Update is in the dev branch.

jansenbe commented 9 years ago

Thanks!

sgryphon commented 9 years ago

It depends on what the objective of the API is, and how it is used, i.e. design the API from the client side experience.

The current methods are optimised to the sorts of things that I have used it for -- mostly for provisioning of branding files into SharePoint. For these functions I want to write one line of code per item uploaded, which brings the file up to the required published state irrespective of what features are turn on or current state.

As I may run this many, many times in development (multiple times per day), I don't want to create new versions if the files have not changed (hence the download check). Obviously the "correct" API for a bunch of 2 kB branding files is very different than for a 2 GB file.

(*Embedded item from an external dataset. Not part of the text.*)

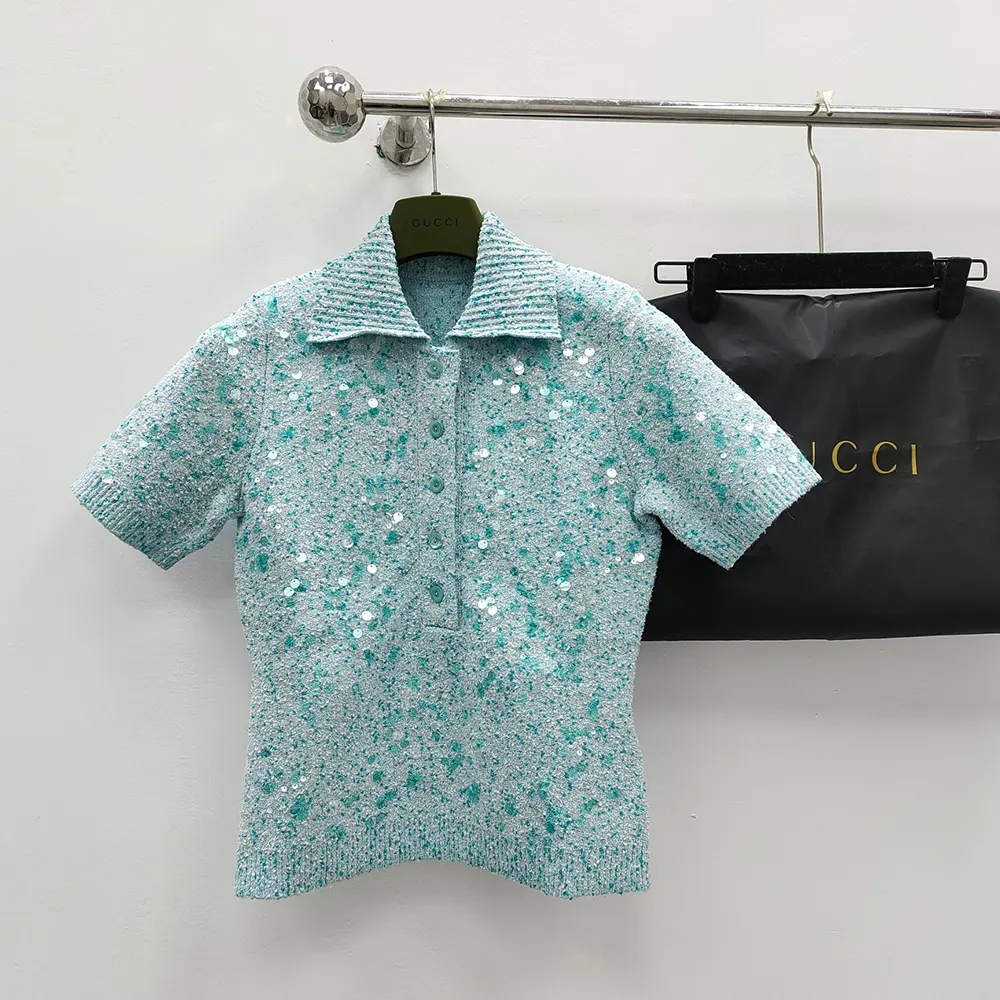 Gucci Women Tweed Blend Polo Top 798148XKD804986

(Still, depending on the frequency of change if download speed is faster than upload it may be quicker to download and check the file hash; and if you know the 2 GB file is always going to be different you can skip the hash check.)

I'm using it mostly for repeatedly deployment a relatively large number of branding files, and so would like to retain a single line method that does everything needed to bring the file up to the desired state.

I think you should check what other scenarios people are using the API in, and design for what is most common (i.e. design for the clients, rather than just focussing on the internals).

sumanchakrabarti commented 9 years ago

This method is a core method called UploadFile which happens to be referenced by UploadThemeFile. It was doing several other operations and not without the option to choose otherwise. In unit testing this, we would have to write unit tests to cover every case several times for one function and may not hit every scenario. If we have to write so many test cases, there's likely a problem with the size of the function.

I did additional analysis of the code and found that the function's complexity was very high and maintainability a bit low. Breaking it up eliminates the potential for failure.

Let's keep things simple, this is a framework, not an application. Everything has to be completely solid so that it can be used everywhere.

Also, keep in mind the number of loops and execute query calls. Several loops within a function as well as within loops causes the function to go from a linear performance to parabolic--the way it was coded, it was actually exponential. With the number of loops in that function, as well as the potential to download a 2GB file using that function, perform a hash check on it, then upload the file, it's just too much risk to bring down performance. I know it's the cloud, but we still have to be responsible with resources.

I broke it up into a few functions where you can do the same exactly logic. It can be done optionally by the dev wanting to go that route. I highly recommend this approach to ensure performance for every file uploaded, not just theme files.

sumanchakrabarti commented 9 years ago

Furthermore, it's great to use extension methods, but we shouldn't need to have 4 overloads atop the extension methods. There are so many signatures per method, it's getting out of hand. Remember, this is for all to use. Think generically and try to cover smaller cases. This will enable developers to be creative with how they approach solving a problem rather than call one do-it-all method.

sumanchakrabarti commented 9 years ago

I updated the UploadThemeFile method and the ProvisionFileInternal method. The ProvisionFileInternal method required that all the new methods to match what the old method was doing. However, there are no unit tests for ProvisioningExtensions.

@sgryphon Can you add some unit tests for this code--it's primarily your contribution.